Protein Quantification in Leaves of Three Plant Species

[0139] The conserved peptides identified in Example 4 were made into QconCATs by PolyQuant (Germany). The full sequences of the QconCATs are set out in Table 4 (SEQ ID Nos: 452 and 453). QconCAT1 contained 15N and 13C labeled lysines and arginines. QconCAT2 lysines are arginines were labeled with only 13C. The cysteines in both QconCATs were alkylated for 1 hour with 2-vinylpyridine in N-methylmorpholine/acetic acid buffer; reactions were stopped with 2-mercaptoethanol. The alkylated QconCATs were combined into a stock solution at equimolar concentrations, approximately 50 ng/μL of each.

[0140] Leaf Sample Protein Extraction

[0141] Leaf protein extraction from three species (Flooded gum, bean, corn) was carried out via the methods described in Aspinwall et al. (2019). Critically, the extraction method is quantitative and extracts nearly all the protein from leaves. Also, the leaf area of each sample was known and 38 picomoles of ovalbumin per square centimeter of leaf was added to each sample early in the extraction protocol as an internal standard. Ovalbumin was used instead of QconCATs early in the protocol because it is far less expensive. QconCATs were added later in the protocol to a small proportion of the overall extracted leaf protein. Adding QconCATs to samples early in the protocol instead of ovalbumin is functionally equivalent to adding ovalbumin early and QconCATs later. The QconCATs both contained ovalbumin peptides, which allowed measured target-to-standard ratios to be converted to target per leaf area based on the addition rate of ovalbumin (38 μmol cm.sup.−2). Additionally, target protein amounts per leaf dry weight can be calculated if dry weight per leaf area is known.

[0142] Addition of QconCAT to the Leaf Samples, Acetate Solvent Protein Extraction Method and Lys-C/trypsin Digestion

[0143] Following the alkylation step in the leaf protein extraction method, extract protein concentrations were measured using a FluroProfile Protein Quantification Kit (Sigma). Then 50 μg protein was transferred to a new microcentrifuge tube and combined with 10 μg of the QconCAT stock solution (˜0.5 μg each QconCAT).

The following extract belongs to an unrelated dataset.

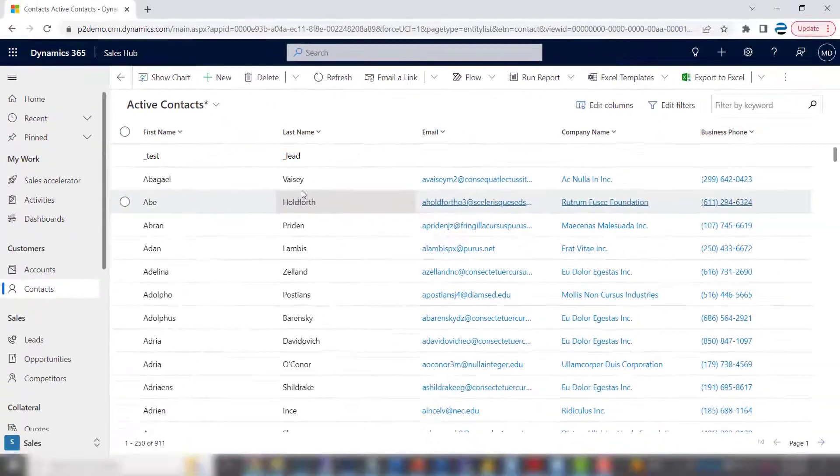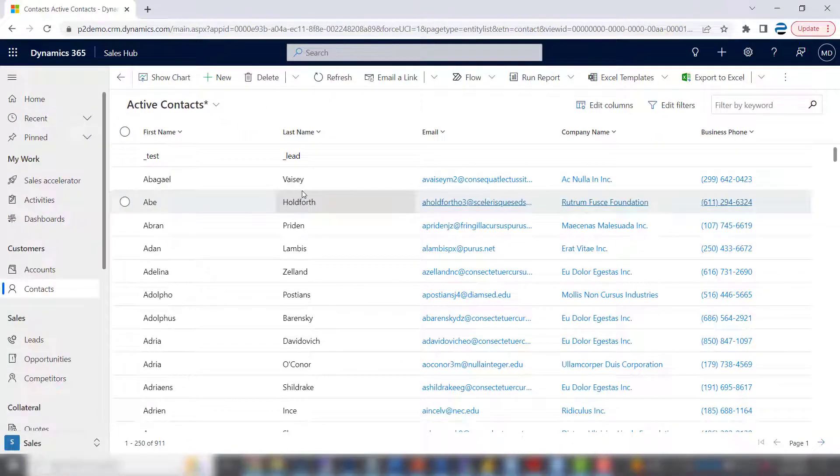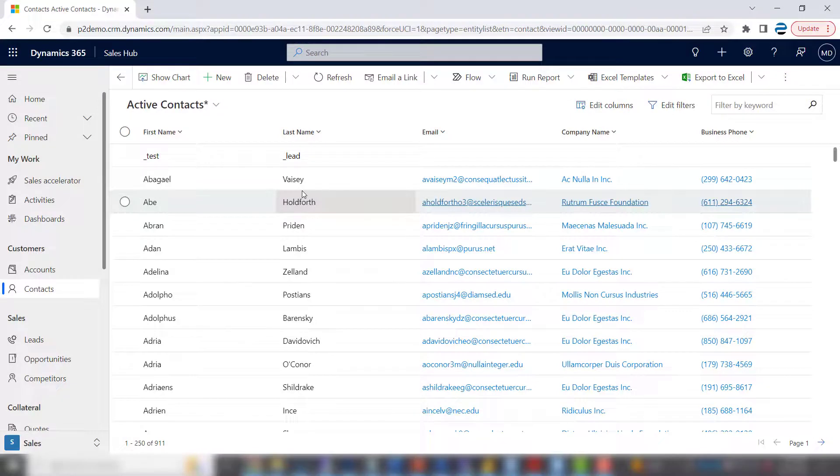Now how do we add the website? The website isn't part of the contact record. It's part of the company they work for. Pretty simple too.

The mixture was then subjected to a methanol-chloroform extraction method modified to be quantitative according to Aspinwall et al. (2019). The resulting pellets were digested with Lys-C and trypsin in a mass spec-compatible N-methylmorpholine buffer containing Rapigest detergent (Waters) according to Aspinwall et al. (2019), with modifications to promote complete digestion. Modifications included a higher concentration of trypsin, 1.25 μg per digest, and the addition of 4 mM CaCl.sub.2. Lys-C digestion at 45° C. for 1 hour was followed by the addition of trypsin and an overnight incubation at 37° C. Digests were stopped by the addition of 2% TFA.

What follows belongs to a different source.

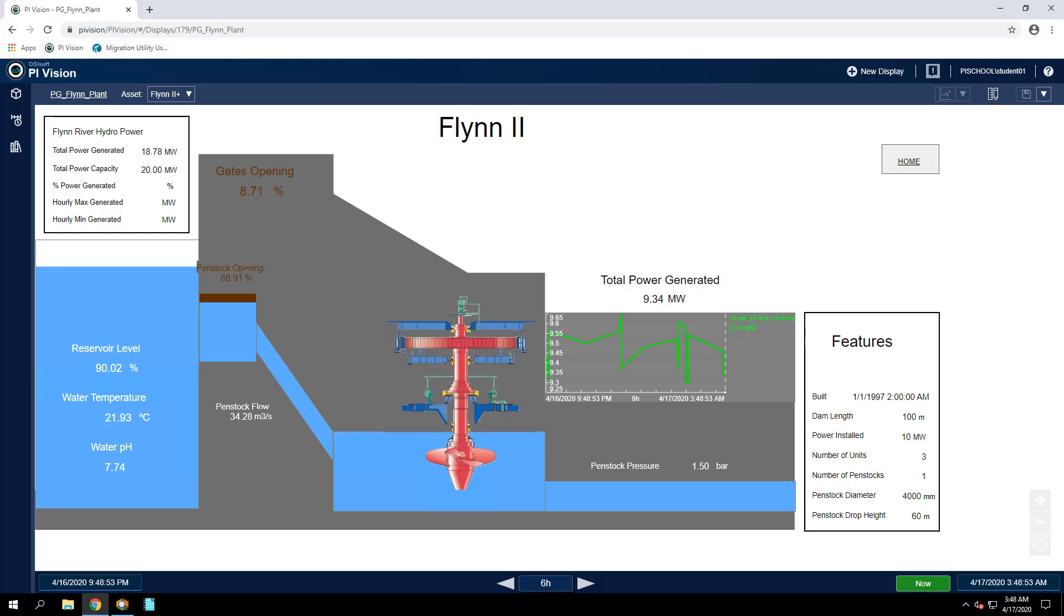Ok, let's walk through the solution for exercise 4 on completing our migrated PI Vision displays.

[0144] If peptides are chemically synthesized instead of produced as QconCATs, then the peptides are added to samples following trypsin digestion. Also, QconCATs can be digested separately from samples and added as peptides following the digestion step as if they were chemically synthesized peptides. The addition of peptides post-digestion works with or without ovalbumin as an internal standard added during the extraction method. However, adding ovalbumin or intact QconCATs early in the extraction method is preferable to adding only peptides post-digestion because the added proteins effectively account for non-specific protein losses during sample processing.

[0145] Mass Spectrometric Analysis

[0146] Following digestion, the peptides were subjected to mass spectrometric analysis according to

[0147] Aspinwall et al. (2019). Briefly, 0.2 μg peptides per sample were analyzed by SWATH LC-MS/MS on a Sciex TripleTOF 6600 according to Cain et al. (2019) with the following modifications. The column was 10 centimeters and was run at room temperature. The acquisition LC gradient was 60 minutes. Sixty (60) variable width SWATH windows were used.

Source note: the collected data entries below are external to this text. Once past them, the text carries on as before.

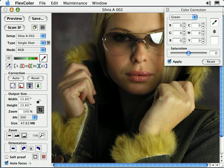With the Selective Color Correction tool, you can make adjustments to color ranges. For example, you can pull some magenta out of the reds without affecting the magenta component of the other colors.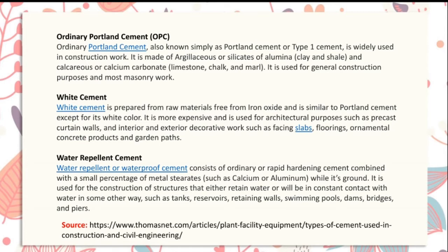White cement is prepared from raw materials free from iron oxide and is similar to Portland cement except for its white color. It is more expensive and is used for architectural purposes such as precast curtain walls and interior and exterior decorative work such as facing slabs, moldings, ornamented concrete products.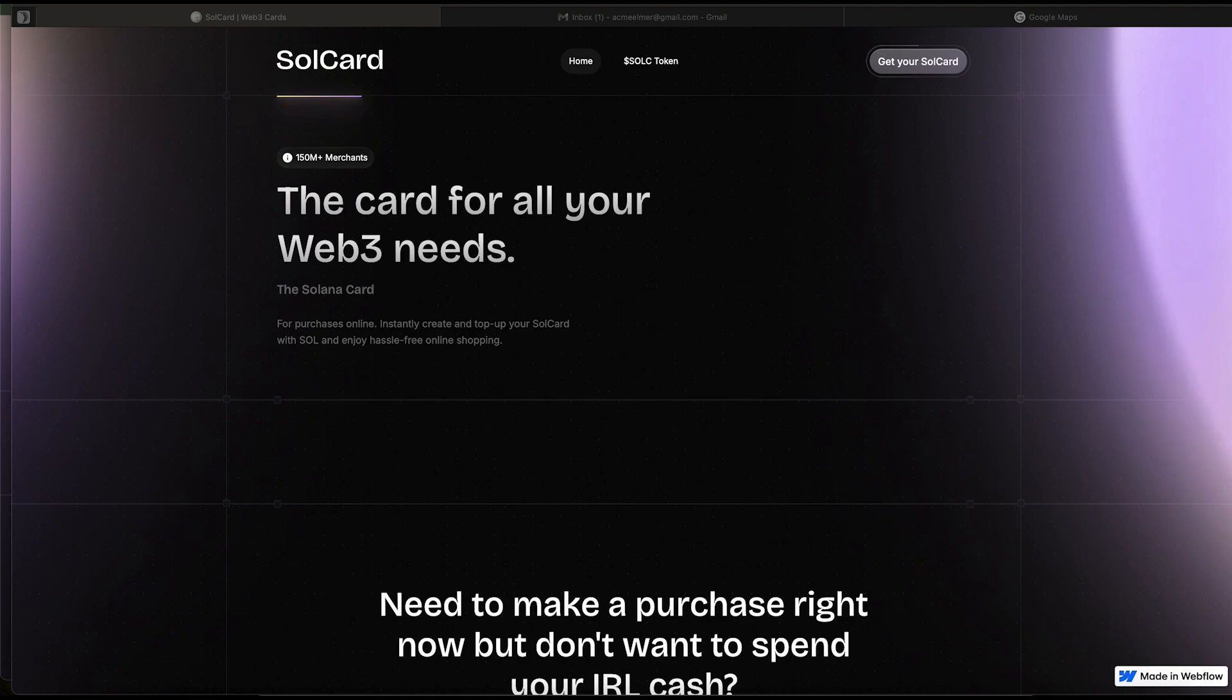This is for all of you out there. Today, I'm going to take you step by step and explain how to register your own No KYC SolCard Visa. So, let's start.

[0148] Using SWATH to analyze samples that include isotope labeled standards differs from more typical targeted mass spectrometry methods such as Selected Reaction Monitoring (SRM). SRM sets the mass spectrometer to only measure targeted analytes and their corresponding internal standards. SWATH captures data for all observable peptides in a sample—afterwards, data for the target analytes and internal standards are extracted using software. SWATH data allow the analysis of additional proteins not represented by internal standards by other means, if desired, without having to re-run the sample on a mass spectrometer.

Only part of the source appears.